Shipping horses all the way from Westchester to Long Island was, the Squire soon realized, a costly business. There must be a cheaper way. The cheaper way led him to acquire, in 1902, the land on which to build what he named the Empire City Racetrack, in nearby Yonkers. At first, Empire City offered only harness races, but Squire Butler decided that there was more money to be made in racing thoroughbreds, and so he switched to that. This immediately put Squire Butler at loggerheads with the New York Jockey Club, which, having supreme control over New York racing, refused to give him a license. The Jockey Club was also one of the strongholds of New York's Protestant Establishment, and James Butler was an Irishman, a Catholic, and an outsider to the little circle. Led by such New York bluebloods as John Sanford (of the Bigelow-Sanford carpet fortune) and Harry K. Knapp, the club went out to do battle with the doughty Squire, never suspecting that they might have met their match. Butler
complied with every legal requirement for operating a thoroughbred racetrack and, after a court battle that lasted from 1904 to 1907, he won. Needless to say, James Butler became the first figure in thoroughbred racing who was never asked to join the club. “To hell with them,” he used to say.

Empire Gty soon became known as a “homey” track, plain and comfortable as an old shoe, quite the opposite of the fancier and more social Belmont. It offered thoroughbred racing for the common folk, but it quickly became one of the most profitable tracks in the East. Some of its profitableness was directly due to its owner's now-famous economies. It became known as “The little track beside the water tower,” and it faced Yonkers's Central Avenue. When the buildings and the fence around the track needed painting, Mr. Butler directed that only the side that was visible from the avenue be painted; the sides that could not be seen received no paint. On dry days, the crowds from Empire City would emerge at the end of an afternoon of racing covered with dust, because Squire Butler would not buy a watering rig. When, at last, he decided that he would have to buy a rig or lose attendance, he bought one, but he personally supervised every watering operation, periodically shouting to the man in charge, “Don't waste my water! Don't waste my water!” In the early days of Empire City, a band would appear to play “The Wearing of the Green” whenever a Butler horse won. But when the band became too expensive, Squire Butler fired them all. When someone asked him, “Who'll play ‘The Wearing of the Green' now, Jim?” he replied, “The crowd can whistle it.” Though he was a millionaire, he always drove to the track in an ancient and dilapidated Ford car that terrified his passengers and that he refused to turn in for a new one.

With his Empire City Racetrack, the Squire began buying race horses in quantity, the way he bought groceries for his stores.

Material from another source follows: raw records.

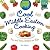Cool Middle Eastern Cooking: Fun and Tasty Recipes for Kids: Fun and Tasty Recipes for Kids (Cool World Cooking)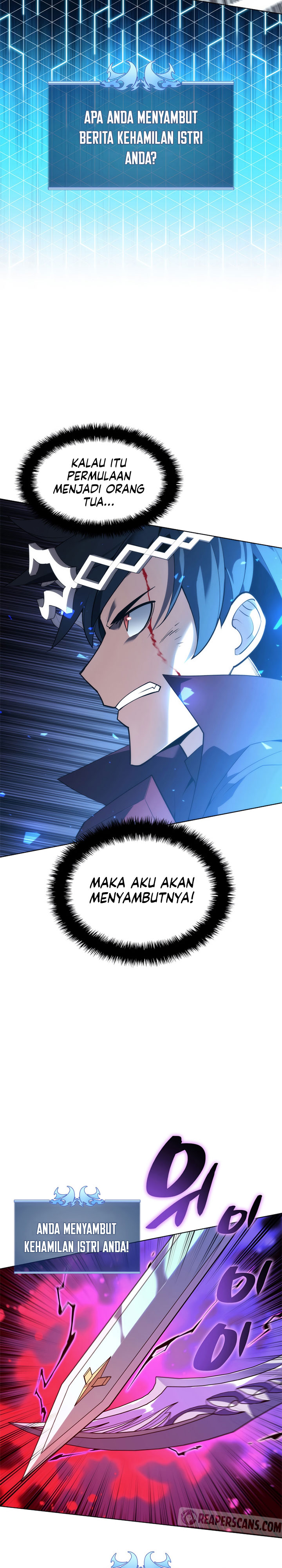 Overgeared Chapter 129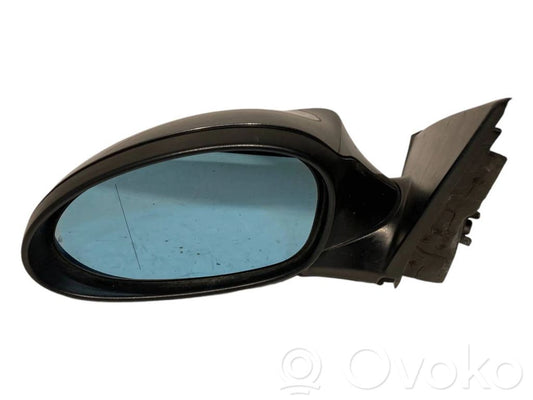 Mirror (electrically controlled)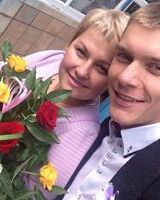 Тригубчук Савелий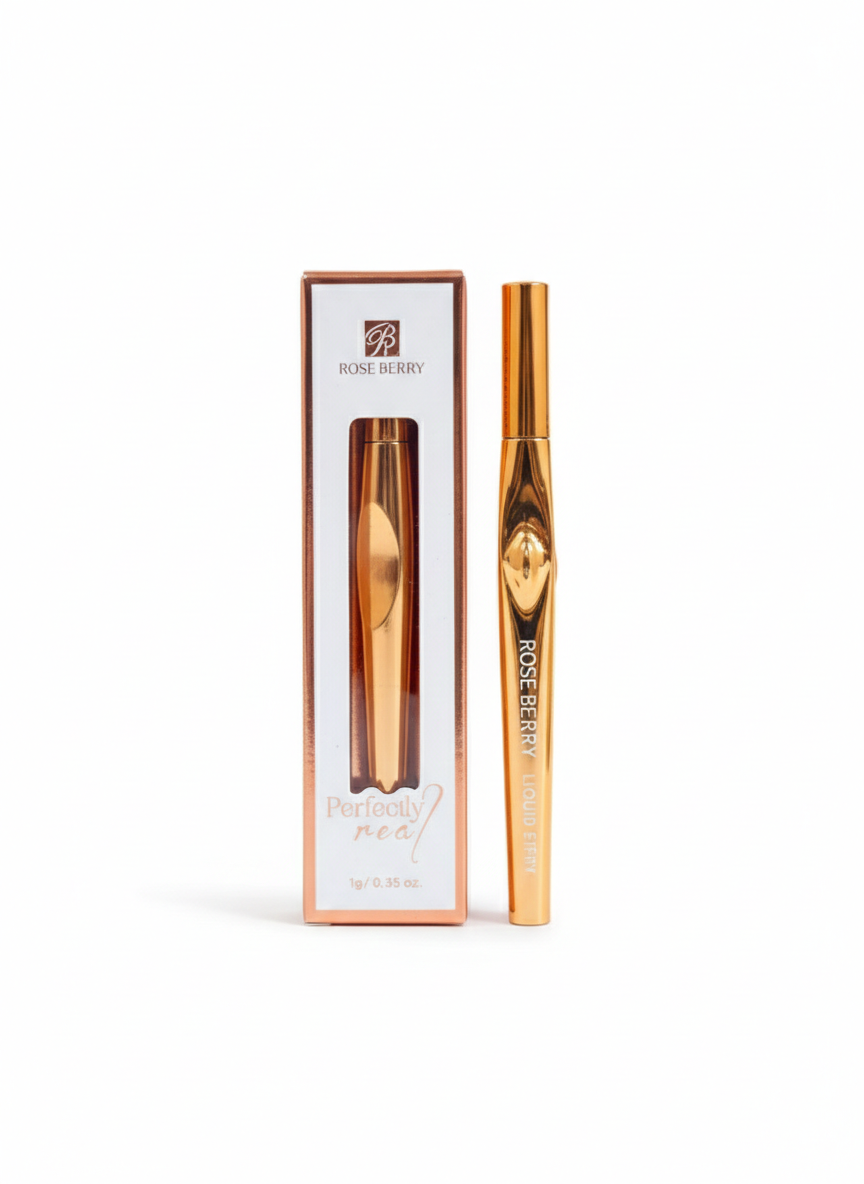 Roseberry eyeliner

He was out to prove, he said, that fine horses could be bred and raised
in the Northeast as successfully as they could in the traditional “bluegrass country” of Kentucky and Virginia, and he proved it. Among his more successful horses were Direct and Directum Kelly. Directum I, a pacer, and son of Directum Kelly, sold for $40,000 in 1915. The Squire had paid $8,250 for Direct, who went on to become the unbeaten champion of old-style sulky racing. Driving King Direct, one of Direct's descendants, Mr. Butler himself broke the world's amateur sulky racing mark by doing a mile in 2.0475 minutes. Other noted thoroughbreds were Pebbles, Spur, Sting, and Questionnaire, the last of which won both the Empire City and Brooklyn Handicaps, plus the Metropolitan in 1931, and the Paumonok at the opening of the 1932 racing season at Jamaica. Between the years 1914 and 1933, Butler horses won a total of $649,573. Squire Butler's favorite horse was Sting, and in 1925, after Sting had won a number of important races, Mr. A. C. Bostwick, through an intermediary, offered Mr. Butler $125,000 for him. Butler replied, “That's a nice offer, but you tell Mr. Bostwick that there are a lot of men in the world who have that much money but there is only one man who has Sting. I wouldn't take a million for him. I'm a sentimental Irishman, and Sting will stay here until his dying day.” Stay Sting did, and after his dying day a bronze statue of him was erected on the lawn at East View Farm.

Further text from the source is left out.